Richard Collins, the strategy manager at the time, had a well worn old bikers jacket on when he appeared at my interview. and he went on to become really animated when he talked about the web and the creative possibilities (rather than the just the technical or commercial or technical potential that was the more obvious angle back then). I thought about both these facts. The laid-back appearance and the genuine enthusiasm were just right for the manager of a new start-up. So that was enough thinking for me. I took the job.
That’s not so much an introduction of how I got to meet the Friends, more of a summary of the way they worked. The whole company had attitude, but they were also committed professionals with real aptitude. That same mix of attitude and aptitude went into New Masters of Flash.
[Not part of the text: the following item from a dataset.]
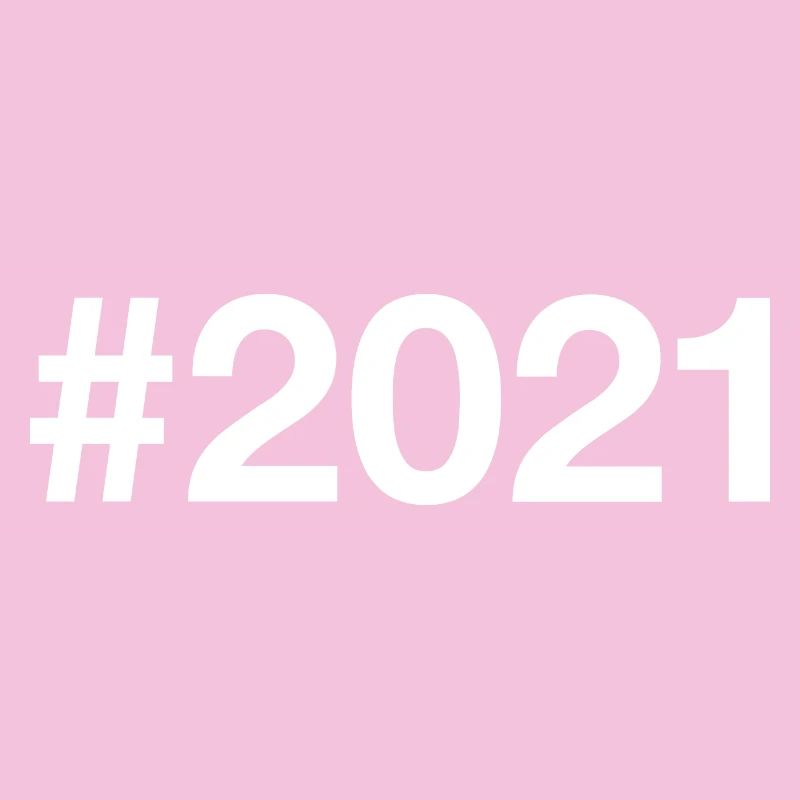 Hashtag 5 ans 5e anniversaire 2021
Informed chaos, blended with professionalism.
Anyway, I started by doing some consulting and Flash web design for the Friends, but ended up writing on a Flash book to help out in other areas. It did rather well, so I did more.
At the time (mid 2000) computer books were pretty much a known quantity. They were either written by programmers, or they were based on lecture notes. Design oriented Photoshop books were all over the place of course, but the computer book world didn’t want to have anything to do with it. That is probably an oversimplification that will get me into trouble, but I don’t think it was that far off. Of course, right now computer books that address design are the big growth area. But back then, there were no glossy computer books that were based on fashion magazine layouts, and certainly none that would look good resting on expensive furniture.
Nobody had really done this mixing code and design gig, so there were all sorts of problems....
We wanted to fill the book with innovators from the Flash underground rather than the first dozen or so cool sites we saw, and we didn’t want to use corporate sites. Thus, choosing the contributors took a serious amount of time.
Some of the contributors had not written before.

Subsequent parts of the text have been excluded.